Description
This work demonstrates Leonard Lehrer’s primacy as a printmaker. Marrying together bold lines with subtle shading, he creates a remarkable three-dimensionality. This beautiful rendition of the opulent Pushkin Gardens, Russia’s first landscape garden when it was built in about 1770 by Catherine the Great, simultaneously has the character of a line drawing with the aliveness of the hyperrealists. This technique, found in all of Lehrer’s Formal Gardens works and a Lehrer hallmark, is difficult to achieve successfully in the challenging arena of lithography.
Perhaps more important to Lehrer’s legacy is his interweaving of classical balance and extreme order, on the one hand, with a romantic vision on the other. He was deeply interested in structure and balance and harmony, with the result of great but restrained beauty.
This work was done while Lehrer was the Director of the School of Art at Arizona State University, working with the legendary print-maker Jules Heller, and was printed at the equally-legendary Tamarind Institute with the assistance of master printmaker Ben Q. Adams.

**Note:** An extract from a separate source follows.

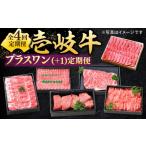牛肉 サーロイン 全4回定期便 特選 壱岐牛
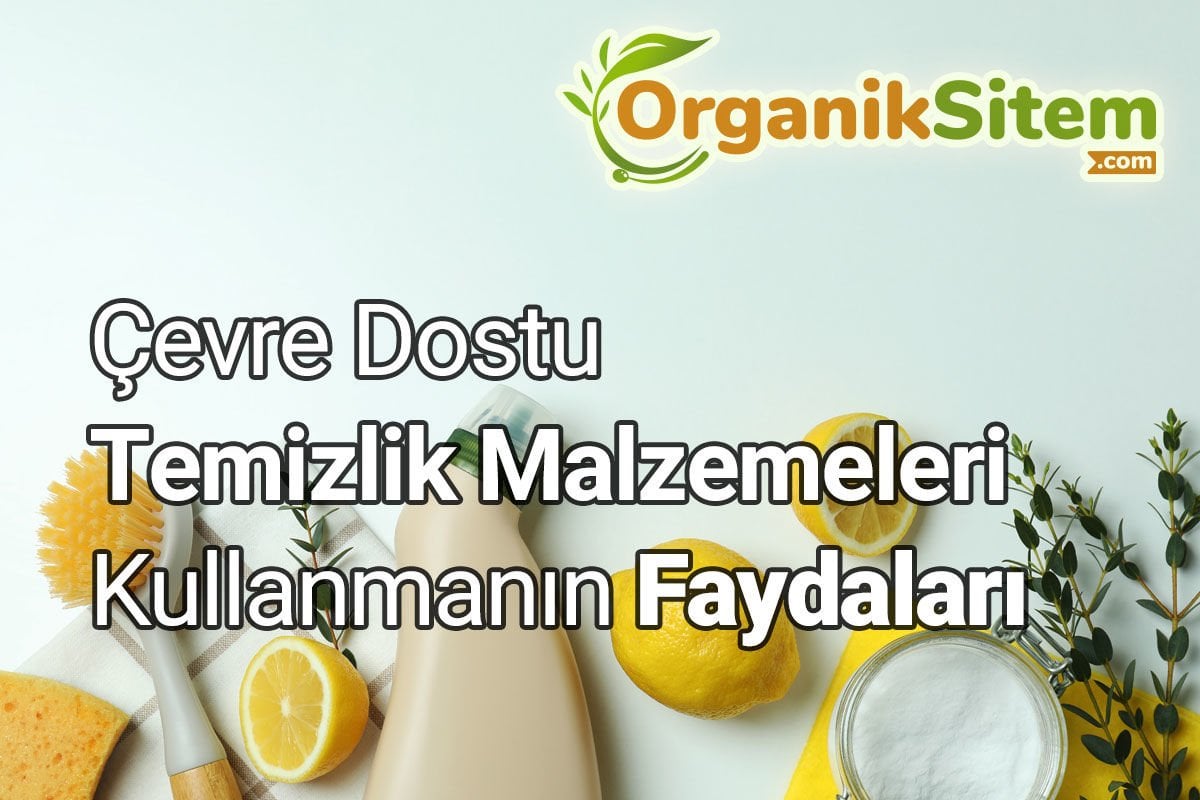 Çevre Dostu Temizlik Malzemeleri Kullanmanın Faydaları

This work is part of Lehrer’s Formal Garden series, which also includes “Formal Gardens” (1975), “View of St. Petersburg (1978), “Sabika” (1972), “Royal Garden (Herrenhausen)” (1977), “Italianate Garden” (1973), and “La Granja de San Ildefonso” (1978).
Lehrer is among the country’s leading printmakers, with works at The Museum of Modern Art, The Metropolitan Museum of Art, The Corcoran Gallery of Art, The National Gallery of Art, and The Bibliotheque Nationale de France.